Comments on Marilyn's IQ

Marilyn is Wrong Copyright © 1998 Herb Weiner. All rights reserved.

Ask Marilyn ® by Marilyn vos Savant is a column in Parade Magazine, published by PARADE, 711 Third Avenue, New York, NY 10017, USA. According to Parade, Marilyn vos Savant is listed in the "Guinness Book of World Records Hall of Fame" for "Highest IQ."

Extremely Improbable

Jud McCranie <jud.mccranie@mindspring.com> offers the following analysis:
An IQ of 228 possible, but highly unlikely. IQ scores are normally distributed with a standard deviation of about 15. I've done some calculations.

Population (billions)   Likely highest IQ

6                            197
10                           199
20                           201
50                           203
100                          204
1,000                        210

There are 5 to 6 billion people on the Earth. I think that the record before Marilyn was 196 -- in good agreement with expectation. An IQ of 228 is way beyond expectations.

With 6,000,000,000 people -- the likely difference between highest IQ and the second highest is 0.11 standard deviations, or a mere 1.7 IQ points. Marilyn's claim: 32 points above the second highest.

The chances that any particular person on Earth (chosen at random) has an IQ of 228 is about 1 in 9,800,000,000,000,000. That is less likely than buying one ticket in the 6 number state lottery and winning the grand prize, and buying one more ticket the next week and it winning that grand prize too.

The chances that anyone on Earth has an IQ of 228 is about 1 in 1,600,000,000 -- that's over 100 times less likely than a single lottery ticket matching all 6 numbers. So it is extremely unlikely that anyone on Earth has an IQ of 228.

Marilyn's IQ Results

Darryl Miyaguchi <miyaguch@usa.net> responds:

Jud McCranie's IQ table may be slightly misleading in a couple of ways. For one, the Stanford-Binet IQ test which Marilyn took assigns 16 IQ points per standard deviation (not 15). Second, it is not a given that IQ scores are perfectly normally distributed, although that may be approximately true. So it is quite possible that there are more extremely high scores than would be expected from a perfect bell curve.
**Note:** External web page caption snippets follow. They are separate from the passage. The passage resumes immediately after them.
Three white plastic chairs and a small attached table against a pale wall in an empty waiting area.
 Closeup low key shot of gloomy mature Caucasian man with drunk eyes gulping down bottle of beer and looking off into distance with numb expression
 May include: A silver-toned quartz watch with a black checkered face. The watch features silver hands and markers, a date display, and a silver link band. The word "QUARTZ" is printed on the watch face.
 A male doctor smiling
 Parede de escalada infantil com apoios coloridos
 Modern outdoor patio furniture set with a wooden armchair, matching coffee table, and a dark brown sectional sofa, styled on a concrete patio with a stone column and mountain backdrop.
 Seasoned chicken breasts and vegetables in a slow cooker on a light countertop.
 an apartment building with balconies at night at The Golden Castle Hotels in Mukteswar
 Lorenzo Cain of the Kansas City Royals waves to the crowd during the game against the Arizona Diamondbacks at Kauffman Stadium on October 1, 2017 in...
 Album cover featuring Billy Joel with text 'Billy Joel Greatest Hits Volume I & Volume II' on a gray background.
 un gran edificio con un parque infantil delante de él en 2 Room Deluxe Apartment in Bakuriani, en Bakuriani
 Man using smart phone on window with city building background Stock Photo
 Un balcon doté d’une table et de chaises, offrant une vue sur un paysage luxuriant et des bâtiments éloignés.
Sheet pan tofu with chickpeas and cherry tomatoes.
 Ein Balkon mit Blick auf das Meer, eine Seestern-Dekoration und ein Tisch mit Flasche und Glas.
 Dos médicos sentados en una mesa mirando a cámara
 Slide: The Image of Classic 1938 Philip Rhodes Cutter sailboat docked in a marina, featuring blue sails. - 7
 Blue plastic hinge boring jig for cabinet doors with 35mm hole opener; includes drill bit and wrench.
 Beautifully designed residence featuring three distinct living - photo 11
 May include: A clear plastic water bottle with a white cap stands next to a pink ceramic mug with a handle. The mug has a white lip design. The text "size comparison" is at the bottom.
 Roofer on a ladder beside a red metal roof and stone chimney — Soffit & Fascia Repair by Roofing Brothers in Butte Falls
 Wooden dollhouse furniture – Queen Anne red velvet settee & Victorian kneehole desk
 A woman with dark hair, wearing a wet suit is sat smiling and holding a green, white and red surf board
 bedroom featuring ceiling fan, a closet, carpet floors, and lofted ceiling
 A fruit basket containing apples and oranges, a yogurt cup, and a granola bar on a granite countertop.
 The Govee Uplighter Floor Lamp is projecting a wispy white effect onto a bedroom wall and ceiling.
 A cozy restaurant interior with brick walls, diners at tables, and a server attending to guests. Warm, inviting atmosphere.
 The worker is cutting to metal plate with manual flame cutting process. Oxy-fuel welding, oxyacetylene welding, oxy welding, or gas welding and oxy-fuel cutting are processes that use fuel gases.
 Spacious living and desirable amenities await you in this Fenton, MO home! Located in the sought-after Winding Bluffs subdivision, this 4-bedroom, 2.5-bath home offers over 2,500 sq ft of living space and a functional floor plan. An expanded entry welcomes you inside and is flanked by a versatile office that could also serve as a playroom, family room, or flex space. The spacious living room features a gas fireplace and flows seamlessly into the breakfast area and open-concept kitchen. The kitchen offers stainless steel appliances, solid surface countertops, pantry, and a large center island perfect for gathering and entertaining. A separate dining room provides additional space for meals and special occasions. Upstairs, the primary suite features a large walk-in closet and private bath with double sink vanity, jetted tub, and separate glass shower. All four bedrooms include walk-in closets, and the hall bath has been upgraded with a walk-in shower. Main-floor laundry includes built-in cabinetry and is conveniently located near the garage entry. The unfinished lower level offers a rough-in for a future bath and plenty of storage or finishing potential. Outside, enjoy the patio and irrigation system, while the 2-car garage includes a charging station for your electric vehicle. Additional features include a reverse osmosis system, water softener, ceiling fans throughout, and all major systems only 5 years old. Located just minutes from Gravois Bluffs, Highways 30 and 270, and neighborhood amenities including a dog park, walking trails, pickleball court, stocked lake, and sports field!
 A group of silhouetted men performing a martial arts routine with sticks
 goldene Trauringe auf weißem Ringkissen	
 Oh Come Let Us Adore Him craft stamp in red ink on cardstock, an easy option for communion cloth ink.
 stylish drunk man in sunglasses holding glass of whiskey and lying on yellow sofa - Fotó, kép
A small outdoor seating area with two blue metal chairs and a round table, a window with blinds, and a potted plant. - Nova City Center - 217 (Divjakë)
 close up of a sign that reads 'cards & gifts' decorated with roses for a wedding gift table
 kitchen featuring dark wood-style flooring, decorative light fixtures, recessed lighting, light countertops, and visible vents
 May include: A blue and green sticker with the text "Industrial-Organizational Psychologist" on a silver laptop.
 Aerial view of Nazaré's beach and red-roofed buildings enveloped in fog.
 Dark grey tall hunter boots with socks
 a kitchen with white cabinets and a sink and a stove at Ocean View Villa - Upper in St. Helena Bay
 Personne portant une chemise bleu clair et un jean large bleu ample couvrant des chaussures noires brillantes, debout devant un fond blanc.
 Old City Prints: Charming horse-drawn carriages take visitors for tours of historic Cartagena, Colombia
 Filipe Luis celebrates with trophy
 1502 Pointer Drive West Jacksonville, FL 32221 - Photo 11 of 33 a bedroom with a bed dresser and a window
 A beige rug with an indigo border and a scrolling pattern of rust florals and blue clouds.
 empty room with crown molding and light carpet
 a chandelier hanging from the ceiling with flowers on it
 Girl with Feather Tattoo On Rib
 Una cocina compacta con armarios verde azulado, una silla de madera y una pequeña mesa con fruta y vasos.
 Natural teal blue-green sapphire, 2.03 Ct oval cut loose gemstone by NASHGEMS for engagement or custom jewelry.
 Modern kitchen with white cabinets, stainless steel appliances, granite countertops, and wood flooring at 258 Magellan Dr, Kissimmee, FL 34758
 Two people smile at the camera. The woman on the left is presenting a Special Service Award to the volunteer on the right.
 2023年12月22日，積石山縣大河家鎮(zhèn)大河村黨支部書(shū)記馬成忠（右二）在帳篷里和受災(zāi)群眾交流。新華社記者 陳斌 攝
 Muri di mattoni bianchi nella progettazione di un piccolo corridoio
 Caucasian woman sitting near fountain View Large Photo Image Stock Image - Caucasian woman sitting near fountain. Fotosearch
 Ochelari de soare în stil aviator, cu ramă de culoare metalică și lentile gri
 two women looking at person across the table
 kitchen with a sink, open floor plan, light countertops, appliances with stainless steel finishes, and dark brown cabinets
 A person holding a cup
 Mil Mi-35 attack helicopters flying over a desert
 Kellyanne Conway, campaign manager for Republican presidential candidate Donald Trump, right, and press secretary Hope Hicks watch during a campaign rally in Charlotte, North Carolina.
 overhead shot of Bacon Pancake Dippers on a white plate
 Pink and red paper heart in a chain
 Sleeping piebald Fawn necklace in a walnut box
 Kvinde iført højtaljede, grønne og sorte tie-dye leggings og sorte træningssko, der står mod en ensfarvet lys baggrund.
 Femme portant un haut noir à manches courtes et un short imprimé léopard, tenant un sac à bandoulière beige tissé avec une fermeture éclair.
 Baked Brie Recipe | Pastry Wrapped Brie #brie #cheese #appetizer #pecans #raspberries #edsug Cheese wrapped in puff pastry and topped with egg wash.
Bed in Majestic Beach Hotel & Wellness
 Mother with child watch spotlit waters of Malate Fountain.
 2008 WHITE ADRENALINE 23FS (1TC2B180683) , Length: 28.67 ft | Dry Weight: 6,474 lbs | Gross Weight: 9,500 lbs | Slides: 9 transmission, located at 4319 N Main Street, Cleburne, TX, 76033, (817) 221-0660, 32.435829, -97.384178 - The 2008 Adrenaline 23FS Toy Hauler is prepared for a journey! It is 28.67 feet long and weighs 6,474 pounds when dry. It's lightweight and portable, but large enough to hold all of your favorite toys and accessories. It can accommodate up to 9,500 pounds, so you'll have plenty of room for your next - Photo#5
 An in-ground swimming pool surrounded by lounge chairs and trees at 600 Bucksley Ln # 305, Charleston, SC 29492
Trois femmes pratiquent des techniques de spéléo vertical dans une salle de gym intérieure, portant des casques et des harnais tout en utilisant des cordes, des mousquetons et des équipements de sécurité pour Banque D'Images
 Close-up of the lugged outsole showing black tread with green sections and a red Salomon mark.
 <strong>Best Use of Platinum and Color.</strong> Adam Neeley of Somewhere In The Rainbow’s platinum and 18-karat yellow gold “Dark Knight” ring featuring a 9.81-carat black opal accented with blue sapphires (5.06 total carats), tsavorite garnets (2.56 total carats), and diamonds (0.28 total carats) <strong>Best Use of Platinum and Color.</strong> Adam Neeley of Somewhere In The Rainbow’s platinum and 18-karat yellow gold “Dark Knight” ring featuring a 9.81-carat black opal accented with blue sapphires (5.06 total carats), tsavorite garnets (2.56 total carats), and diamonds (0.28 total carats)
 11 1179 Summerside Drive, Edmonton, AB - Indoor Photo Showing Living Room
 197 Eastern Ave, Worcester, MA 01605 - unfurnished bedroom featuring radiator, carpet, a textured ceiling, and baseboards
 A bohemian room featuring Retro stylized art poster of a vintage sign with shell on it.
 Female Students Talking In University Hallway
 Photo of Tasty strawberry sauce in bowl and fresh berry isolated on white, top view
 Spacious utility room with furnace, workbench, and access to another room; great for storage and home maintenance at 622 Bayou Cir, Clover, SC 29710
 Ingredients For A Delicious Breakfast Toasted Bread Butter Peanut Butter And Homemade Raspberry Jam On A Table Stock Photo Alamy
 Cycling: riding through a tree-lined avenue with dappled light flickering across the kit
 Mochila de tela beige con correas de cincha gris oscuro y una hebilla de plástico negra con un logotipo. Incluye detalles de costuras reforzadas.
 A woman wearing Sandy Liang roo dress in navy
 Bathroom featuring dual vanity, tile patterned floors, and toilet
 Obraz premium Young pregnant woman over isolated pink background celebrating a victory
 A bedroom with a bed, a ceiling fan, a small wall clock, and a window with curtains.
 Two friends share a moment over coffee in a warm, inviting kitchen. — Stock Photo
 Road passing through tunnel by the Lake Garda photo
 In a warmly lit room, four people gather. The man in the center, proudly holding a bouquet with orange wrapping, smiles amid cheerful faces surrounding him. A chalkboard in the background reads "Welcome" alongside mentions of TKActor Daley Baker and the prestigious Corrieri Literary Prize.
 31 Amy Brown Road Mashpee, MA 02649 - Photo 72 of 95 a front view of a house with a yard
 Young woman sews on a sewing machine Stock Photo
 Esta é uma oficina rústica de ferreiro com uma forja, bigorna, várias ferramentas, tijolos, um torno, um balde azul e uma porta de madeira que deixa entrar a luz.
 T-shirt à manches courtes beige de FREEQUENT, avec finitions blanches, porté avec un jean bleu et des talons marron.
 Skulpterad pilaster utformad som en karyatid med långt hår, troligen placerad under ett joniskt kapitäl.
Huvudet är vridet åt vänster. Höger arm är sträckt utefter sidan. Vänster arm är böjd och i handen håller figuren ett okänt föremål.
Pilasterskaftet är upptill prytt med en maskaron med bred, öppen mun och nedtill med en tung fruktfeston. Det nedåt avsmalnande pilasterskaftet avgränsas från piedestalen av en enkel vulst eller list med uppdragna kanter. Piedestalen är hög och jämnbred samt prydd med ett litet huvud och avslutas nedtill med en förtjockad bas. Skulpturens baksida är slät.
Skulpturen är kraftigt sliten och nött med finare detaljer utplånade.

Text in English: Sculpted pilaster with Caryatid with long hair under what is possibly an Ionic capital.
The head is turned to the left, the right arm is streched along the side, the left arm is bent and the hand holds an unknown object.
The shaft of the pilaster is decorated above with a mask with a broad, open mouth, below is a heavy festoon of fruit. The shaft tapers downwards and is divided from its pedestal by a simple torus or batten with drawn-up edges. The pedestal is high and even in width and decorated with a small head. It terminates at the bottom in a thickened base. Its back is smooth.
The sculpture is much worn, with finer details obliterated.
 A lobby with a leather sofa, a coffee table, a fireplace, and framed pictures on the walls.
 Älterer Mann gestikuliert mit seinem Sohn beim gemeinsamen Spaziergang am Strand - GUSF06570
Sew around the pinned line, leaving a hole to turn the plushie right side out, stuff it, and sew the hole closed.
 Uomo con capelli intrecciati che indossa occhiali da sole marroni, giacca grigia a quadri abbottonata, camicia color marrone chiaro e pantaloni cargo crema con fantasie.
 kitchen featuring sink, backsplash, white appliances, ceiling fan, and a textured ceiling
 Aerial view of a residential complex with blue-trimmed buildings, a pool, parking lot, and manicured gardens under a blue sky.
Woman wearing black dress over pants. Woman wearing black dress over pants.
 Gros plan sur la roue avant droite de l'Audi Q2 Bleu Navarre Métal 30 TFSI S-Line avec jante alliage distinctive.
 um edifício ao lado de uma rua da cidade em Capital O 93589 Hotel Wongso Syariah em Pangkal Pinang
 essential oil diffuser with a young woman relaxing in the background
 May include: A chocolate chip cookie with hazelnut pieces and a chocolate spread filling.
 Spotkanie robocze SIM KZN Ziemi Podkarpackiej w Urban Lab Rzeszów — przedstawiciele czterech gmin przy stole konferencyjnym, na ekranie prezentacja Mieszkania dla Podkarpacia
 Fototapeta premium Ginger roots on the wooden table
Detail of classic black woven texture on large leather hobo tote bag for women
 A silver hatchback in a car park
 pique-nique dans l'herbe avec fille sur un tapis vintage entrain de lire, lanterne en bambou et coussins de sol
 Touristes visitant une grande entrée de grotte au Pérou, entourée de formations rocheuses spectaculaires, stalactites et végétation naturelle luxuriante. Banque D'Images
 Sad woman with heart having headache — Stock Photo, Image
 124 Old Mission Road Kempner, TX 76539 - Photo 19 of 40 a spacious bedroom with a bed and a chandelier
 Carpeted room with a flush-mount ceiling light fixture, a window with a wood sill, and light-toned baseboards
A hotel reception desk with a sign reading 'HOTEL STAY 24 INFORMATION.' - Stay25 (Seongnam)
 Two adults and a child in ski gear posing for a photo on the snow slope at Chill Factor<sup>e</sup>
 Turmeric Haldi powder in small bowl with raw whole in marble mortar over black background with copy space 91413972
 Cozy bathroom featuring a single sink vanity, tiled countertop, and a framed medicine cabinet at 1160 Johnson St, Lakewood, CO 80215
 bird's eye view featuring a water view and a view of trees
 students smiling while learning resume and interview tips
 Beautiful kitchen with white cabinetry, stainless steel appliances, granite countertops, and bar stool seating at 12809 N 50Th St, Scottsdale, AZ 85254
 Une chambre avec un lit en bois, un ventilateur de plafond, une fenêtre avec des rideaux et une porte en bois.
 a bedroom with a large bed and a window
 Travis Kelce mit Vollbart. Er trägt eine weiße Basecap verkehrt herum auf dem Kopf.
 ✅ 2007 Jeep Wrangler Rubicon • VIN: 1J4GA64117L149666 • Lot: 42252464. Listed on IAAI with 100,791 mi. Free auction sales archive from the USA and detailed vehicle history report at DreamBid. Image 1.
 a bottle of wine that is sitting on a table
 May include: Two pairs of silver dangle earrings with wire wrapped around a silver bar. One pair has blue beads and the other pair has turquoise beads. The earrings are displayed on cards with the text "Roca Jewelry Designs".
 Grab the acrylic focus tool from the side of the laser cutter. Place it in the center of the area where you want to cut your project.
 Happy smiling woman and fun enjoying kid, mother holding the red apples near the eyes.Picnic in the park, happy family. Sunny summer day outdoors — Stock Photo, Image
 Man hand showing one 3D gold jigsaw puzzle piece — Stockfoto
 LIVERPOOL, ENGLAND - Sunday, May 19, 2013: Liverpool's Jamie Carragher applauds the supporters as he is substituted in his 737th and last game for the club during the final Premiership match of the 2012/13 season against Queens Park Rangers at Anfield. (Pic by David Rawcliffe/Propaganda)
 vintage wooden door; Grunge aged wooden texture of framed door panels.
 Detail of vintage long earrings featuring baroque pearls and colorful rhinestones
Marilyn's official score on her Stanford-Binet form L (as written on her school record) was actually "167+" (ceiling score). See the article, "In The Kingdom of the Brain -- How Love Changed the Smartest Couple in New York," by Julie Baumgold, in the magazine, New York, February 6, 1989.

Estimated IQs for Some of the Greatest Geniuses

Ulf Norlinger <ulf.norlinger@swipnet.se> writes:
I agree with you that it is highly improbable that Marilyn scored such high, if it was for an adult. But for a ten year old it is not completely uncommon. So far as I have heard her IQ score in adult age have been reported to be 218 Stanford-Binet. That is improbable though. Even with an empirically adjusted Bell-curve, according to Encyclopedia Britannica, nobody in history should have scored above 210 - 215 Stanford-Binet at adult age!